El universo otaku consumió 8 años de mi vida. El 2002, llegué por primera vez al C.C. Arenales. Sólo existían 4 ó 5 tiendas dedicadas al anime y una de ellas era Sugoi; que además de comercializar productos culturales japoneses, también era responsable de una publicación emergente dedicada a la crónica y crítica del manga y el anime. Recuerdo que muchos pasillos eran tenebrosos, la luz no llegaba a ellos pero de lejos algunos posters coloridos proclamaban que alguna vez habrían sido populares puntos de encuentro en Lima. Este texto busca ser una relectura del C.C. Arenales por medio de una breve evaluación histórica del recinto y los cultos comerciales que lo habitan. Espera ser una alternativa a lecturas de Arenales asociadas a peligrosos fanatismos o peculiares subculturas que aun habitan este edificio.



En 1979, Arenales fue concebido como uno de los primeros centros comerciales en la capital introduciendo el concepto estadounidense de “tiendas anclas”, y compitiendo con el muy cercano C.C. Risso, al ahora desaparecido C.C. Avant Garde en Miraflores y al desolado C.C. Camino Real en San Isidro. En conjunto, estos centros comerciales se propusieron modernizar la ciudad por medio de su infraestructura. En el caso de Arenales, se esperaba que su posición estratégica en Lince, entre San Isidro y el centro histórico de Lima, continúe la misión revitalizadora que empezó Risso.

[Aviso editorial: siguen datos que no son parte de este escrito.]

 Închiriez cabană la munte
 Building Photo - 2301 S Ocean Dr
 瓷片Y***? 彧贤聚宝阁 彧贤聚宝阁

En los años ochenta, el recinto gozaba de una popularidad similar a la que actualmente goza el C.C. Jockey Plaza. La película Juliana (1989) del colectivo audiovisual Grupo Chaski, capturó los últimos momentos en los que las clases acomodadas de Lima frecuentaban el C.C. Arenales a consumir de productos estadounidenses. También fue uno de los primeros centros comerciales en incorporar cines dentro de sus instalaciones. Sin embargo su popularidad no duró, la violencia armada que azotaba al país, cada vez más se hacía visible para quienes habitaban la capital; el terror desatado empezaba a limitar aquellos pocos espacios públicos considerados relativamente resguardados. En 1992, el C.C. Camino Real fue locación de uno de los atentados terroristas en la ciudad de Lima. Después del ataque sanisidrino, Arenales y otros centros comerciales dejaron de ser una alternativa de entretenimiento segura para los consumidores limeños acomodados.





Al comienzo de los noventas, sin embargo, el ocaso económico nacional condujo a muchas industrias a comprar alternativas culturales más baratas a las estadounidenses. Tal fue el caso de los medios de comunicación, que optaron por comprar anime y causando así su gran presencia en la televisión nacional a lo largo de la década. Esta periodo, además, coincidió con el esfuerzo de las diferentes casas de animación japonesas por exportar el producto cultural a un nivel global–esfuerzo conocido como Cool Japan, marca adoptada por el gobierno japonés para exportar sus productos culturales como una forma de soft power (poder blando) sobre otros estados.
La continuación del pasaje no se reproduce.